Surgery is the standard of care for Stage I non-small cell lung cancer (NSCLC), however, rates of surgical treatment among racial minority groups, particularly Native Hawaiian (NH) and other Pacific Islander (PI) populations, remain underexplored. This study investigates treatment and survival of NH and PI patients with early-stage NSCLC.

Methods

A retrospective analysis of 1,115 patients diagnosed with Stage I NSCLC at Queen's Medical Center from 2000 to 2022 was conducted.

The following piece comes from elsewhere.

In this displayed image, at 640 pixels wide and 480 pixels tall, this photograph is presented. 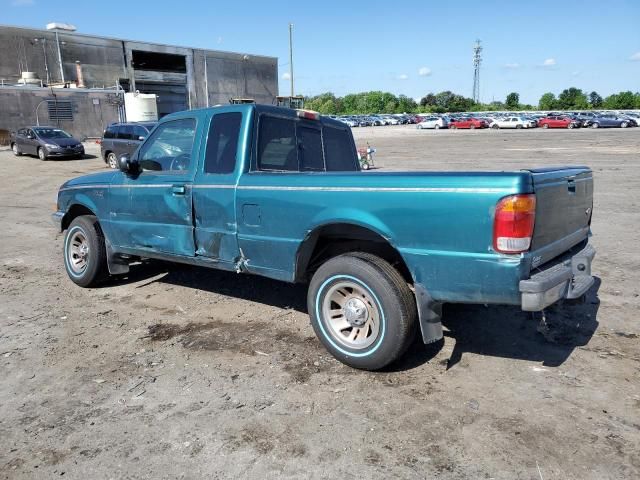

Patients were categorized by race (White, Asian, NH, PI). The likelihood of receiving surgery was assessed using univariate and multivariate logistic regression models adjusted for age, gender, insurance status, and histology. Survival differences were analyzed using Kaplan-Meier estimates and Cox proportional hazard models.

Results

Among the 1,115 patients diagnosed with Stage I NSCLC, the racial distribution included 284 White patients, 649 Asian patients, 153 Native Hawaiian (NH) patients, and 29 other Pacific Islander (PI) patients. NH and PI patients were less likely to undergo surgery compared to Whites. In multivariate models, NH patients had 47% lower odds of receiving surgery compared to Whites (OR 0.53, 95% CI 0.34–0.83, p=0.015), and PI patients had 71% lower odds (OR 0.29, 95% CI 0.12–0.70, p=0.006). Asians had similar surgery rates to Whites (OR 0.95, 95%CI 0.67-1.35, p=0.767). Rates of surgery were also significantly associated with insurance type (less frequent among Medicare/uninsured OR 0.56, 95%CI 0.35-0.88, p=0.012), age (less frequent among older patients), histology (less frequent among squamous histology, OR 0.53, 95%CI 0.40-0.74, p<0.001), and gender (more frequent among female OR 1.34 95%CI 1.00-1.79, p=0.052). Median survival was 75.9 months for Whites, 82.3 months for Asians, 66.4 months for NH, and 69.2 months for PI (p=0.514). In adjusted models, Asians demonstrated better survival than Whites (OR 0.77, 95% CI 0.64–0.94, p=0.010). No significant survival differences were observed between NH, PI, and Whites after adjustment for treatment.

Conclusion

Native Hawaiian and Pacific Islander patients are significantly less likely to undergo surgery for Stage I NSCLC compared to Whites, even after adjusting for key demographic and clinical factors. These disparities highlight the need for targeted interventions to improve access to and utilization of standard-of-care treatment in NH and PI populations, potentially reducing racial inequities in lung cancer outcomes.